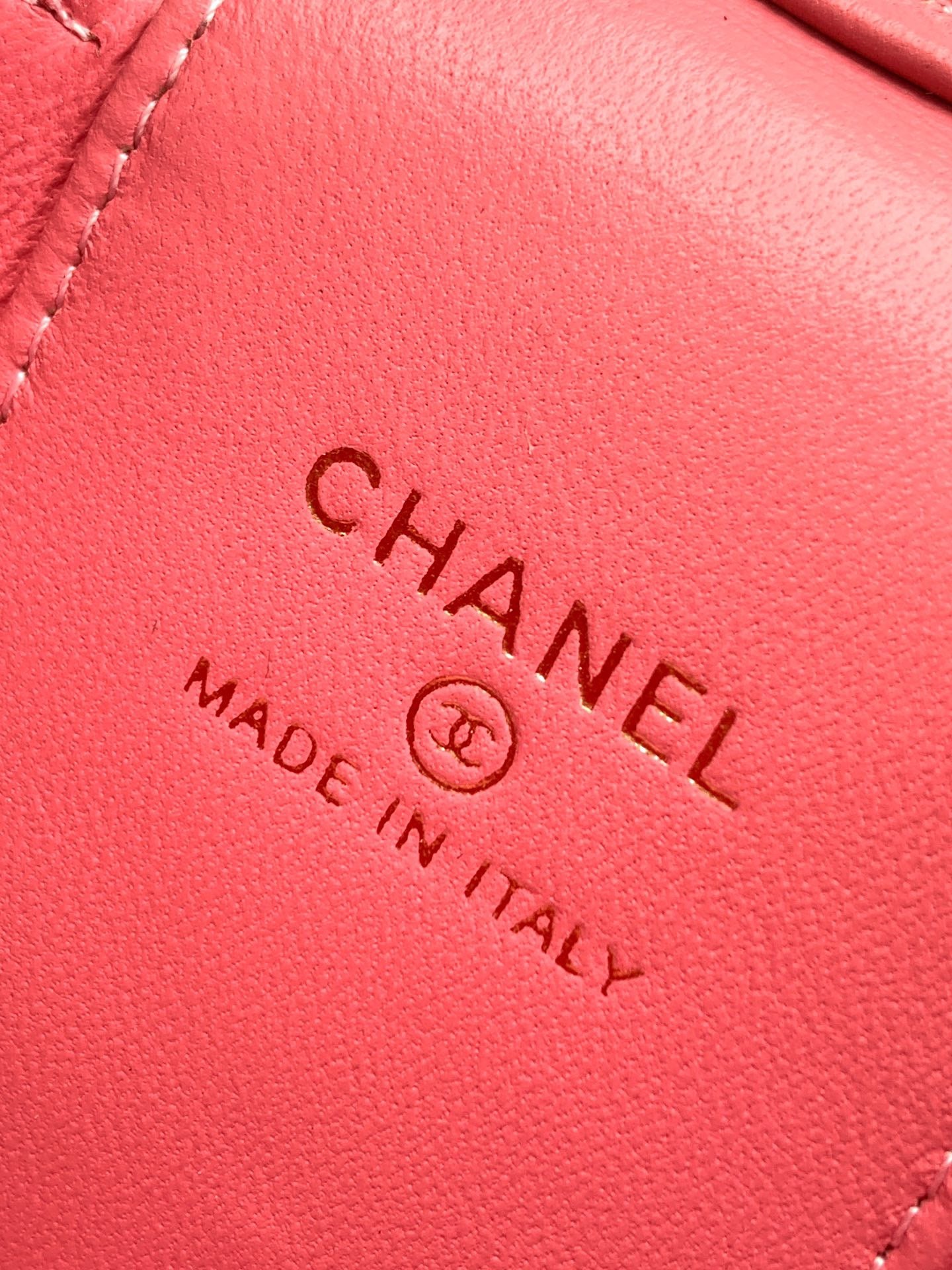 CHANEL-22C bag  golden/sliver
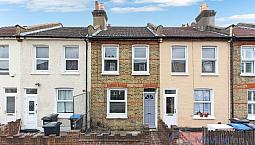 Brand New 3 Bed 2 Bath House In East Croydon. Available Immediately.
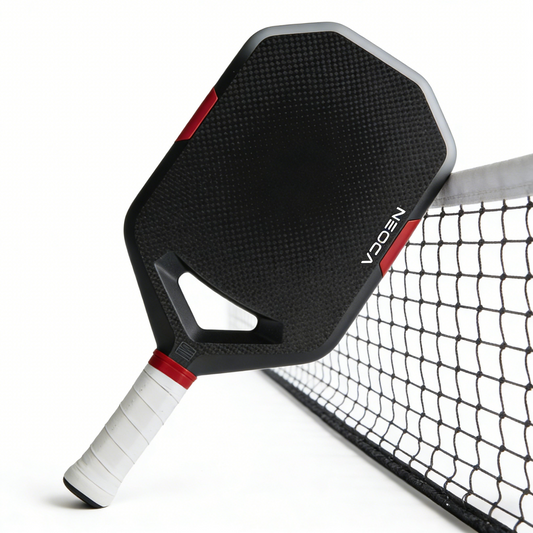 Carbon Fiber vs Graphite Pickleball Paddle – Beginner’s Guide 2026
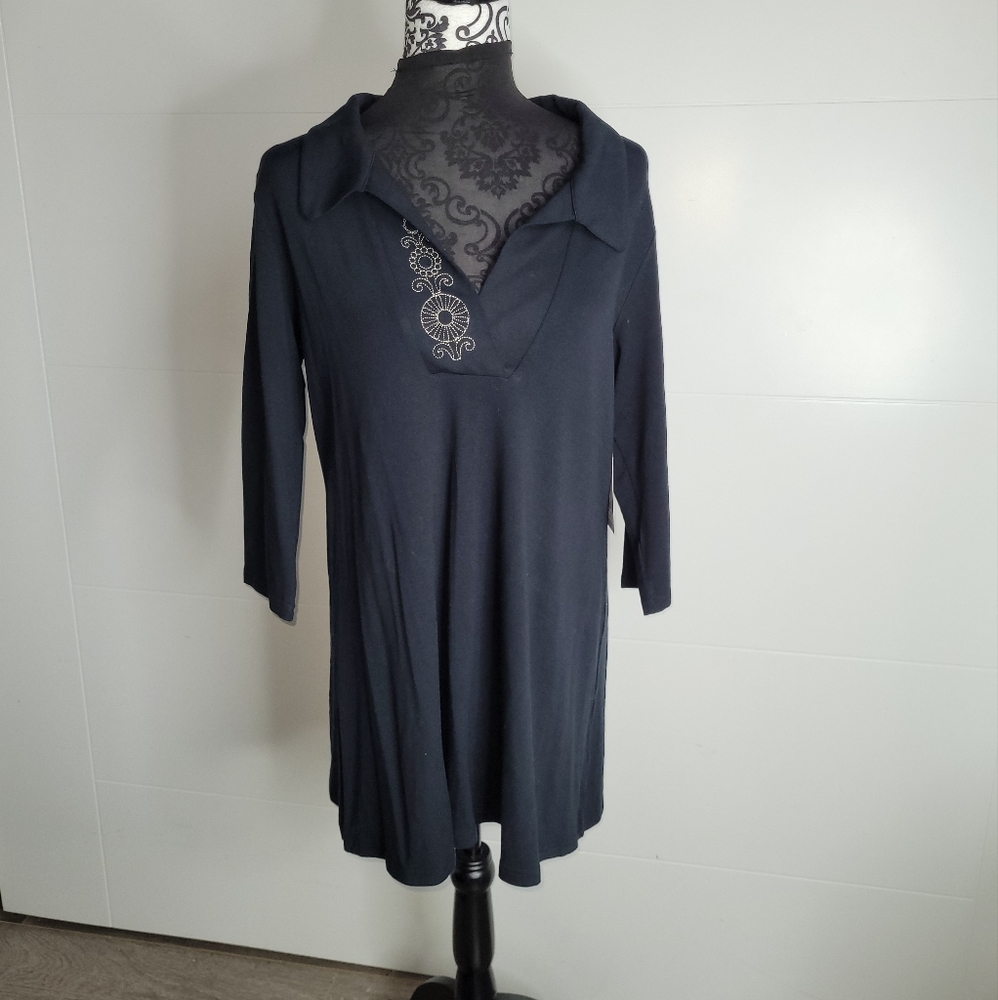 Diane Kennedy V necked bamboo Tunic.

**Task goal:**
All of the material is to be reproduced verbatim, pictures excluded.

**Response area:**
 CHANEL-22C bag  golden/sliver
 Brand New 3 Bed 2 Bath House In East Croydon. Available Immediately.
 Carbon Fiber vs Graphite Pickleball Paddle – Beginner’s Guide 2026
 Diane Kennedy V necked bamboo Tunic.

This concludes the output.